DATASET CONTENT:
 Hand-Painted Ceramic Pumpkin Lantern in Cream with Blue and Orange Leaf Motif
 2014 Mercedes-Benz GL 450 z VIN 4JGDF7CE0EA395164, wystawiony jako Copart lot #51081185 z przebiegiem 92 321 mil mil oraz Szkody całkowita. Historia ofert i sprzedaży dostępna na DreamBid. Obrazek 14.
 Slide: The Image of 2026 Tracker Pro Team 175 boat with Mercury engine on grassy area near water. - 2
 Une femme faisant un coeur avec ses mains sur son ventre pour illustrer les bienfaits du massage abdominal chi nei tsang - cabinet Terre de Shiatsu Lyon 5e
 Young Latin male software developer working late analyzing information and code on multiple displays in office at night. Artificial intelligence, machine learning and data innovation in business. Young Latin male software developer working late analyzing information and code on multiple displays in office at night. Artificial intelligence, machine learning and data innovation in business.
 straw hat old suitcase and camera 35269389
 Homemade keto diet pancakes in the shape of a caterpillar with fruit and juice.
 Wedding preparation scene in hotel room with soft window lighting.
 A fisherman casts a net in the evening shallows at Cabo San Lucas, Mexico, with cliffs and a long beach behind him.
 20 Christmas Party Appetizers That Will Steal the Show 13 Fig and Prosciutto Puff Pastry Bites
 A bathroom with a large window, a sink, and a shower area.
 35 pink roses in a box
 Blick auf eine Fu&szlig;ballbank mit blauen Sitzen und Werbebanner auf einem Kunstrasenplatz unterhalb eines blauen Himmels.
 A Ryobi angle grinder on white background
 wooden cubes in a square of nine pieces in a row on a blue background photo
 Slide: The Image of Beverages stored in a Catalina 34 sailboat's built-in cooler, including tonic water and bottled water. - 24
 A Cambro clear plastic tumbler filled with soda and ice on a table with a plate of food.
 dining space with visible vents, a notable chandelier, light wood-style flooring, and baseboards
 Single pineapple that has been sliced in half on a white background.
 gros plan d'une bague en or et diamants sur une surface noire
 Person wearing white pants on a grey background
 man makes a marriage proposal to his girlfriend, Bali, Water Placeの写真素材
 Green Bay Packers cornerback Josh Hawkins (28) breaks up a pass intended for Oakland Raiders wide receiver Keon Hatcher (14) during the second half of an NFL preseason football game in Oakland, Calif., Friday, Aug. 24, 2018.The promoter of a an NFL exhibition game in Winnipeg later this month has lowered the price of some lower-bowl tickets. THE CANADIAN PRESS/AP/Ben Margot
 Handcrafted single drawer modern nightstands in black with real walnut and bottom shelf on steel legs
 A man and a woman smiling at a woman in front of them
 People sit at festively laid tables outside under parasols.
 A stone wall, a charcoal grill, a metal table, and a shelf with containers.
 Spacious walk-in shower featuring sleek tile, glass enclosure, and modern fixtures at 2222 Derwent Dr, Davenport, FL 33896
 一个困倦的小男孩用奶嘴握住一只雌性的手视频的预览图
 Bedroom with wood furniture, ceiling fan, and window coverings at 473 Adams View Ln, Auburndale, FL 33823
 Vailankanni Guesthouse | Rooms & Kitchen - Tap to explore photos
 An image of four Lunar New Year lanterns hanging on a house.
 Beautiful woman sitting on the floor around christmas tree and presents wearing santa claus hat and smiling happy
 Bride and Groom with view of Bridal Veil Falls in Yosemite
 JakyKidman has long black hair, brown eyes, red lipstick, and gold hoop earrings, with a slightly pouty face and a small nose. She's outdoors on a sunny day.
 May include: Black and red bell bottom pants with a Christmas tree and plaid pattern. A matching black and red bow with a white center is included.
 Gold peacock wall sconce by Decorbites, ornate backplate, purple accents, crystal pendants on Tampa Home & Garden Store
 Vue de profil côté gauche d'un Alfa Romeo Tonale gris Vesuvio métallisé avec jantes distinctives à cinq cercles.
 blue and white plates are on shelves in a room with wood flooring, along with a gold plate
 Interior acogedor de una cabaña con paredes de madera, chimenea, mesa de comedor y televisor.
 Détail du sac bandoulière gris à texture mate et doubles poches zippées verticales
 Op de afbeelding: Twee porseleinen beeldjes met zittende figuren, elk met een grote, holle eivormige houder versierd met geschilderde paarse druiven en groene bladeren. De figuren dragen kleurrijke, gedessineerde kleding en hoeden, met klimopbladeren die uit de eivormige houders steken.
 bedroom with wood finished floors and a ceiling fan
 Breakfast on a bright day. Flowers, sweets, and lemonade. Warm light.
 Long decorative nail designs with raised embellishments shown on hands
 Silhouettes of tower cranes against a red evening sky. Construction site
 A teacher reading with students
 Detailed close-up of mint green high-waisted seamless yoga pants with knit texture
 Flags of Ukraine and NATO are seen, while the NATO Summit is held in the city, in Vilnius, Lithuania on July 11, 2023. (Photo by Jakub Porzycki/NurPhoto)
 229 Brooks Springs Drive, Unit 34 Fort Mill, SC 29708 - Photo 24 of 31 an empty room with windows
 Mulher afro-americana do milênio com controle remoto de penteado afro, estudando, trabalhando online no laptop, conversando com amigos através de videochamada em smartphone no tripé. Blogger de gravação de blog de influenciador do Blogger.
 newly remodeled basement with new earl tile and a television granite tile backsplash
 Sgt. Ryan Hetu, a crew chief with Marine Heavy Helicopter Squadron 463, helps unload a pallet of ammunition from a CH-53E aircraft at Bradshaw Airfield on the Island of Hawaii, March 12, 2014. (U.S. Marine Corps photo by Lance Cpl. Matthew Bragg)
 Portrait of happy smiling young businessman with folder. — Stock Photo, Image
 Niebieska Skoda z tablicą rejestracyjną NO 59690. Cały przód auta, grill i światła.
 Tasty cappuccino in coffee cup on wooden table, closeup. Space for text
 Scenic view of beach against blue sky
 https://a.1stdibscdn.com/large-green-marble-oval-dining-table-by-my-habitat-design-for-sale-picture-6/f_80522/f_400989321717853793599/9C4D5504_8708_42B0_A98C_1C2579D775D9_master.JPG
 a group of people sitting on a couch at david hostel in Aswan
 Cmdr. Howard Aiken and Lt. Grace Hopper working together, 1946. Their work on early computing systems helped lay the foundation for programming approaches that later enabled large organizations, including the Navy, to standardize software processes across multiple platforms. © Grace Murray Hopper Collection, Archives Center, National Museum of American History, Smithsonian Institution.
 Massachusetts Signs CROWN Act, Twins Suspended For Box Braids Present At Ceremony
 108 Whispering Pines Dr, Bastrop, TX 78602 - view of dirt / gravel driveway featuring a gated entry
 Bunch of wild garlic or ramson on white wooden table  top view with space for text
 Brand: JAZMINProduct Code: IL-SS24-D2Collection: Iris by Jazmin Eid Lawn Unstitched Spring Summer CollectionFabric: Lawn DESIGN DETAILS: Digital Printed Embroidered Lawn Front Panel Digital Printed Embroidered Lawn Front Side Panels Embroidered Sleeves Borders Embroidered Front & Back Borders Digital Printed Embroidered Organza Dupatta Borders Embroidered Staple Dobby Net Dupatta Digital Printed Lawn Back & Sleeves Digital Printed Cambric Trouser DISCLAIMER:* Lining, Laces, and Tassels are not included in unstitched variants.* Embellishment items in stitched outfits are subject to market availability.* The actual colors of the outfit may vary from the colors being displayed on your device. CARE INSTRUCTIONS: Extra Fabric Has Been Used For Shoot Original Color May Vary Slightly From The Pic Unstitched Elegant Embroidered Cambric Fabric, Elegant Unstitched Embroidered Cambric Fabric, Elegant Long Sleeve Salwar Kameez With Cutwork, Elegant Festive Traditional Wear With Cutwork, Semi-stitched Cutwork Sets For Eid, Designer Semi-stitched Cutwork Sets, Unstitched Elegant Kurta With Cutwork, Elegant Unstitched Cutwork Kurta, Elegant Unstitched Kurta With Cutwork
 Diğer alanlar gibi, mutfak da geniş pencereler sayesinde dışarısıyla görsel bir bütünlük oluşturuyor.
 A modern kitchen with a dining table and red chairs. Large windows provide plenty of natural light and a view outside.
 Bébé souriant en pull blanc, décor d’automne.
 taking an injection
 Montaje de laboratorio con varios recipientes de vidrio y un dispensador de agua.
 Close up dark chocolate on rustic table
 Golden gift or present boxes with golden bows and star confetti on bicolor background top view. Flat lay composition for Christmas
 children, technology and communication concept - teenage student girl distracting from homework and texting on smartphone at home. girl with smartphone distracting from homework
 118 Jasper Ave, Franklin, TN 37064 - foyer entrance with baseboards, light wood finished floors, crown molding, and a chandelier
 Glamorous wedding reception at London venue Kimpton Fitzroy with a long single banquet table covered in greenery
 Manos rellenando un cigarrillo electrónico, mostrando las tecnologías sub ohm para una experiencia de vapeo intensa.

BRIEF: Among the records above, only the lines between the line holding "Slide: The Image of 2026" and the line holding "Une femme faisant", inclusive, are to be output, exactly as written.

ANSWER BOX:
 Slide: The Image of 2026 Tracker Pro Team 175 boat with Mercury engine on grassy area near water. - 2
 Une femme faisant un coeur avec ses mains sur son ventre pour illustrer les bienfaits du massage abdominal chi nei tsang - cabinet Terre de Shiatsu Lyon 5e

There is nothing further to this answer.